Le Mexique fait face à un scandale sans précédent dans son système éducatif : l'examen d'entrée à distance de l'Université nationale autonome du Mexique (UNAM), la plus grande université du pays, a été annulé après que 58 000 candidats aient obtenu des résultats anormalement élevés, suscitant des soupçons massifs de fraude. Selon Numerama, cette épreuve, pourtant supervisée par une intelligence artificielle, a révélé des dysfonctionnements majeurs dans son processus de surveillance.

Ce qu'il faut retenir

  • 58 000 étudiants doivent repasser l'examen d'entrée à l'UNAM après l'annulation de la session surveillée par IA.
  • Les résultats obtenus étaient anormalement élevés, révélant des irrégularités dans le déroulement de l'épreuve.
  • L'UNAM, la plus grande université du Mexique, a choisi une méthode de surveillance automatisée pour éviter les fraudes lors de cet examen à distance.
  • Les soupçons de triche massive ont conduit l'établissement à invalider les résultats et à organiser une nouvelle session.
  • Cette décision intervient dans un contexte où les examens en ligne se multiplient, posant la question de l'efficacité des outils de surveillance automatisés.

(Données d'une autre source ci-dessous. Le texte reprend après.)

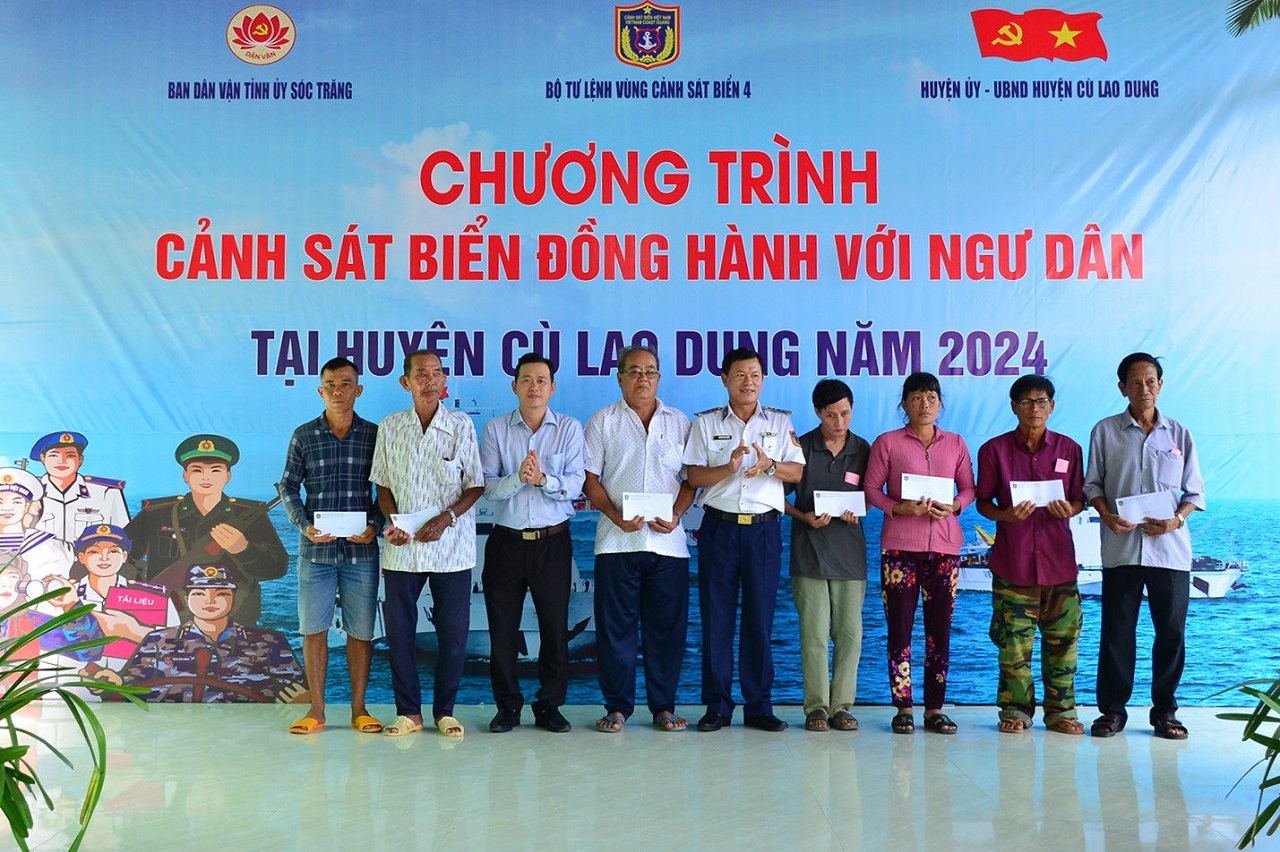 Lan tỏa chương trình “Cảnh sát biển đồng hành với ngư dân”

Un examen à distance sous surveillance algorithmique

L'Université nationale autonome du Mexique (UNAM) a mis en place, pour cette session, un système de surveillance à distance reposant sur une intelligence artificielle. L'objectif était clair : garantir l'intégrité de l'examen, passé par des dizaines de milliers d'étudiants répartis dans tout le pays, tout en évitant les déplacements et les rassemblements dans un contexte encore marqué par les contraintes sanitaires résiduelles. Pourtant, malgré cette technologie avancée, les résultats ont révélé des anomalies troublantes.

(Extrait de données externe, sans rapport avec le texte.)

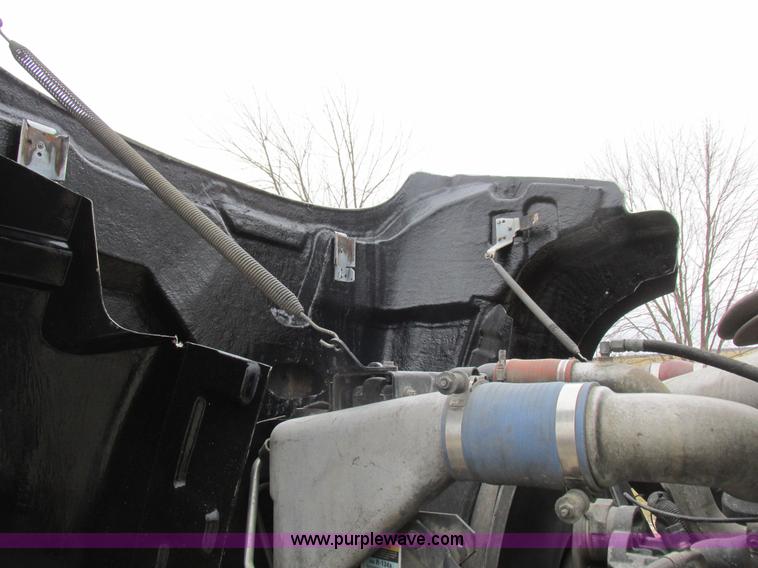 image for item L7099 2007 Mack CV713 dump truck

Selon Numerama, les scores obtenus par une partie des candidats étaient trop élevés pour être crédibles. Des écarts significatifs par rapport aux moyennes habituelles ont été observés, suggérant une possible utilisation de méthodes frauduleuses. Face à cette situation, les autorités universitaires ont pris la décision radicale d'annuler les résultats et d'organiser une nouvelle session pour les étudiants concernés.

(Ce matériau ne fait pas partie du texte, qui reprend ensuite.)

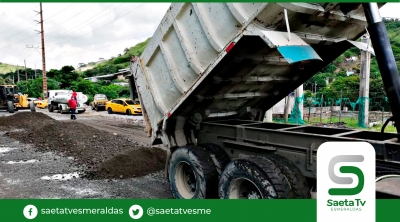 Alcaldía de Esmeraldas mejora estado de la vía Carlos Concha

Des soupçons de fraude qui remettent en cause l'outil de surveillance

L'UNAM avait investi dans cette solution technologique pour remplacer les surveillants humains, souvent critiqués pour leur manque d'efficacité ou leurs éventuels biais. Pourtant, l'échec de ce système soulève plusieurs questions. Comment une IA a-t-elle pu laisser passer des irrégularités aussi flagrantes ? Les algorithmes utilisés étaient-ils suffisamment robustes pour détecter les tentatives de fraude les plus sophistiquées ?

«

L'outil que nous avons déployé devait garantir un examen équitable, mais les résultats obtenus étaient manifestement incompatibles avec la réalité. Nous avons donc dû agir rapidement pour rétablir la confiance dans notre processus de sélection », a expliqué un responsable de l'UNAM, cité par Numerama.
Cette déclaration met en lumière la pression subie par l'établissement, dont la réputation dépend de la fiabilité de ses examens d'entrée.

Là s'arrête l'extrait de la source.